What to do |
Give back the full data character for character.

Short descriptive text snippets
★ ★ ★ ★ ★ ★ ★

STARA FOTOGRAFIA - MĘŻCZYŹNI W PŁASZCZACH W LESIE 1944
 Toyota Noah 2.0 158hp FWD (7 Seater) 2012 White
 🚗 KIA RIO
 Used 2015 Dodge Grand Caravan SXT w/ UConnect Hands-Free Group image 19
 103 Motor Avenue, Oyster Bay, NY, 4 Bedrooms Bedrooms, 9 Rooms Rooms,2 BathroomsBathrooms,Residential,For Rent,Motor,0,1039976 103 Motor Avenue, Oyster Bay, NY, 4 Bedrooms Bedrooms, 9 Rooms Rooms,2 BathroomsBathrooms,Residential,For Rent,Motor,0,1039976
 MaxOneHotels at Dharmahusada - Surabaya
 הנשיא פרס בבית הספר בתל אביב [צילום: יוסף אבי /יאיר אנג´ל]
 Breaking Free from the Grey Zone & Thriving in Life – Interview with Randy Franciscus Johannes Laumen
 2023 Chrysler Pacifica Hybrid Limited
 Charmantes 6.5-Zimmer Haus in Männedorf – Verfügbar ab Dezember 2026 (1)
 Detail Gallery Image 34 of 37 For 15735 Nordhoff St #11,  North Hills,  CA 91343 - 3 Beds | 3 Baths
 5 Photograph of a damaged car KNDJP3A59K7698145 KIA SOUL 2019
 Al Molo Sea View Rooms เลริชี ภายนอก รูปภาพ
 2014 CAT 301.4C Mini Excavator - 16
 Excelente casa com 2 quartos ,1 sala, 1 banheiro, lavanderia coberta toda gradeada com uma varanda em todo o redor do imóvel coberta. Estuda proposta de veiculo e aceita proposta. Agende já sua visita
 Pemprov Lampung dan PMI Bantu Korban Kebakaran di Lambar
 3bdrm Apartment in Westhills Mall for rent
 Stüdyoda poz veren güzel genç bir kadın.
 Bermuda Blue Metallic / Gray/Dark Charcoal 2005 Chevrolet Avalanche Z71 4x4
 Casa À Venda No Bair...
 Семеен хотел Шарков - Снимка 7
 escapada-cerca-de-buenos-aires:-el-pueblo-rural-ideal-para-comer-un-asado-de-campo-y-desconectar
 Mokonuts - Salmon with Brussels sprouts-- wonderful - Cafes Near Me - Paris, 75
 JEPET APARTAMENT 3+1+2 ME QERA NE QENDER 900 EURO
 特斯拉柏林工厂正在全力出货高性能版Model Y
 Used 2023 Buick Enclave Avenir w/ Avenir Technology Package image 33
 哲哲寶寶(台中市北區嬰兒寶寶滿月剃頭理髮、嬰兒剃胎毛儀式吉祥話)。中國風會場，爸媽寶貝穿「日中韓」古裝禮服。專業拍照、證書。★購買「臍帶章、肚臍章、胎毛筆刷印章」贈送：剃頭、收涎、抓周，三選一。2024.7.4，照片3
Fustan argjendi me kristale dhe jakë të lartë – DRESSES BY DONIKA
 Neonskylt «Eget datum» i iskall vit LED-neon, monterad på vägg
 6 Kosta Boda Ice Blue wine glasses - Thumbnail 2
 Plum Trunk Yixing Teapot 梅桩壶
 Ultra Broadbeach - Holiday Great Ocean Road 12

★ ★ ★ ★ ★ ★ ★

Answer space |
STARA FOTOGRAFIA - MĘŻCZYŹNI W PŁASZCZACH W LESIE 1944
 Toyota Noah 2.0 158hp FWD (7 Seater) 2012 White
 🚗 KIA RIO
 Used 2015 Dodge Grand Caravan SXT w/ UConnect Hands-Free Group image 19
 103 Motor Avenue, Oyster Bay, NY, 4 Bedrooms Bedrooms, 9 Rooms Rooms,2 BathroomsBathrooms,Residential,For Rent,Motor,0,1039976 103 Motor Avenue, Oyster Bay, NY, 4 Bedrooms Bedrooms, 9 Rooms Rooms,2 BathroomsBathrooms,Residential,For Rent,Motor,0,1039976
 MaxOneHotels at Dharmahusada - Surabaya
 הנשיא פרס בבית הספר בתל אביב [צילום: יוסף אבי /יאיר אנג´ל]
 Breaking Free from the Grey Zone & Thriving in Life – Interview with Randy Franciscus Johannes Laumen
 2023 Chrysler Pacifica Hybrid Limited
 Charmantes 6.5-Zimmer Haus in Männedorf – Verfügbar ab Dezember 2026 (1)
 Detail Gallery Image 34 of 37 For 15735 Nordhoff St #11,  North Hills,  CA 91343 - 3 Beds | 3 Baths
 5 Photograph of a damaged car KNDJP3A59K7698145 KIA SOUL 2019
 Al Molo Sea View Rooms เลริชี ภายนอก รูปภาพ
 2014 CAT 301.4C Mini Excavator - 16
 Excelente casa com 2 quartos ,1 sala, 1 banheiro, lavanderia coberta toda gradeada com uma varanda em todo o redor do imóvel coberta. Estuda proposta de veiculo e aceita proposta. Agende já sua visita
 Pemprov Lampung dan PMI Bantu Korban Kebakaran di Lambar
 3bdrm Apartment in Westhills Mall for rent
 Stüdyoda poz veren güzel genç bir kadın.
 Bermuda Blue Metallic / Gray/Dark Charcoal 2005 Chevrolet Avalanche Z71 4x4
 Casa À Venda No Bair...
 Семеен хотел Шарков - Снимка 7
 escapada-cerca-de-buenos-aires:-el-pueblo-rural-ideal-para-comer-un-asado-de-campo-y-desconectar
 Mokonuts - Salmon with Brussels sprouts-- wonderful - Cafes Near Me - Paris, 75
 JEPET APARTAMENT 3+1+2 ME QERA NE QENDER 900 EURO
 特斯拉柏林工厂正在全力出货高性能版Model Y
 Used 2023 Buick Enclave Avenir w/ Avenir Technology Package image 33
 哲哲寶寶(台中市北區嬰兒寶寶滿月剃頭理髮、嬰兒剃胎毛儀式吉祥話)。中國風會場，爸媽寶貝穿「日中韓」古裝禮服。專業拍照、證書。★購買「臍帶章、肚臍章、胎毛筆刷印章」贈送：剃頭、收涎、抓周，三選一。2024.7.4，照片3
Fustan argjendi me kristale dhe jakë të lartë – DRESSES BY DONIKA
 Neonskylt «Eget datum» i iskall vit LED-neon, monterad på vägg
 6 Kosta Boda Ice Blue wine glasses - Thumbnail 2
 Plum Trunk Yixing Teapot 梅桩壶
 Ultra Broadbeach - Holiday Great Ocean Road 12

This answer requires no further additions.